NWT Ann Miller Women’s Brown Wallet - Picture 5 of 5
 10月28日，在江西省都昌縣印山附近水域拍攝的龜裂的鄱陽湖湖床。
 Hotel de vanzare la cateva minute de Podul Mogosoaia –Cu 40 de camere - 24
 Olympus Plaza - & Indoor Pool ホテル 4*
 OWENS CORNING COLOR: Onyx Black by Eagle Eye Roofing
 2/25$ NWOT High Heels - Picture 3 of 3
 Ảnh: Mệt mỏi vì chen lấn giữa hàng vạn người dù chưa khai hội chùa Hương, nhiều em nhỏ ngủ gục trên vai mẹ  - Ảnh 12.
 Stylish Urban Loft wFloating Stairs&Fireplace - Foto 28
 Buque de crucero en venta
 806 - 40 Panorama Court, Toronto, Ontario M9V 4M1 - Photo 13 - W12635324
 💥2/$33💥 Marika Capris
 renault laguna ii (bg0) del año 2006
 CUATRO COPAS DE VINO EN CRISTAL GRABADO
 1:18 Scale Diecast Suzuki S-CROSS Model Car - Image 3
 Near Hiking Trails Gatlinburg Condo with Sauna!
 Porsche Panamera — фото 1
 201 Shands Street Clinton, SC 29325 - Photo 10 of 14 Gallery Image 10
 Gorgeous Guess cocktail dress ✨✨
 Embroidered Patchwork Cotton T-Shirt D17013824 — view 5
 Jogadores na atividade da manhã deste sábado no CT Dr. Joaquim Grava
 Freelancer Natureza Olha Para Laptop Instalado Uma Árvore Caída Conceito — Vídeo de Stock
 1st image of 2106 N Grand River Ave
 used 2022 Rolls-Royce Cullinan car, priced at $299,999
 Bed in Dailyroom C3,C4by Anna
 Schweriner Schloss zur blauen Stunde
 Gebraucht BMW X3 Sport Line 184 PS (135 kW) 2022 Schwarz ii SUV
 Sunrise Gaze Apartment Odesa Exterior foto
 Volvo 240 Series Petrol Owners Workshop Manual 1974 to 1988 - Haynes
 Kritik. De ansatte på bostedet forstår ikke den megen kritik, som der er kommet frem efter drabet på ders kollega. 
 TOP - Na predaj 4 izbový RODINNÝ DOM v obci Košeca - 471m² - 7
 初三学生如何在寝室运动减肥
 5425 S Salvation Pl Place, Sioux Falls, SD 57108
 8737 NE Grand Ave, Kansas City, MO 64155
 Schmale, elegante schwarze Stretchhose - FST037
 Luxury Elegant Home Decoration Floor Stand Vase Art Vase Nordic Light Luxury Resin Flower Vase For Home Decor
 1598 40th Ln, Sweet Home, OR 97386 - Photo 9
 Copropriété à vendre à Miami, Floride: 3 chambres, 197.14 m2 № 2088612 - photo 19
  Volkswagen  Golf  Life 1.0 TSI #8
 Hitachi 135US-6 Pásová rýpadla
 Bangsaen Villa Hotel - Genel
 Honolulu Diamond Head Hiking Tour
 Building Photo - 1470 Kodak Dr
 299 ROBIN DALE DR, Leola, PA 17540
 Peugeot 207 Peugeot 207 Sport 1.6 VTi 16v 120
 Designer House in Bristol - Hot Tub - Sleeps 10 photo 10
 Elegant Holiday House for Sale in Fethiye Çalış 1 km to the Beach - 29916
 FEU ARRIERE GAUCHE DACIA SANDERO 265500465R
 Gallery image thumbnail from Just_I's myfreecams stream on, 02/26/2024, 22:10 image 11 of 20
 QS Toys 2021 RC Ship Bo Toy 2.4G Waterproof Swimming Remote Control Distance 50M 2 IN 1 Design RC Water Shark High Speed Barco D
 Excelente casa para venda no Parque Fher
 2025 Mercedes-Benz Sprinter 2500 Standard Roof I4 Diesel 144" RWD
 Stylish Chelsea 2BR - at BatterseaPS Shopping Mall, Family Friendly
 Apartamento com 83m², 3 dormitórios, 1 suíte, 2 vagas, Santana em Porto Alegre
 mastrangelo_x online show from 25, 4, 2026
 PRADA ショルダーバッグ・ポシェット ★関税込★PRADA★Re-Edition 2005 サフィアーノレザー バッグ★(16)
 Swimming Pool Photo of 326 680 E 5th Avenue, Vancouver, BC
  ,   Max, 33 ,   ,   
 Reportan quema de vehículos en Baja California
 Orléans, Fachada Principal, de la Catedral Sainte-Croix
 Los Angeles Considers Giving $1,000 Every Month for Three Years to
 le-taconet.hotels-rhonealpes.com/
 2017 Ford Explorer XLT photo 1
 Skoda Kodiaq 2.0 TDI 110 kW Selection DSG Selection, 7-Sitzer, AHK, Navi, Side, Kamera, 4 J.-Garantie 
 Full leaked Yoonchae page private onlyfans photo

# [Exercise description]
Copy out exactly, and only, the lines from the one that contains "Reportan quema de" through the last line of the material above.

# [Answer to this task]
 Reportan quema de vehículos en Baja California
 Orléans, Fachada Principal, de la Catedral Sainte-Croix
 Los Angeles Considers Giving $1,000 Every Month for Three Years to
 le-taconet.hotels-rhonealpes.com/
 2017 Ford Explorer XLT photo 1
 Skoda Kodiaq 2.0 TDI 110 kW Selection DSG Selection, 7-Sitzer, AHK, Navi, Side, Kamera, 4 J.-Garantie 
 Full leaked Yoonchae page private onlyfans photo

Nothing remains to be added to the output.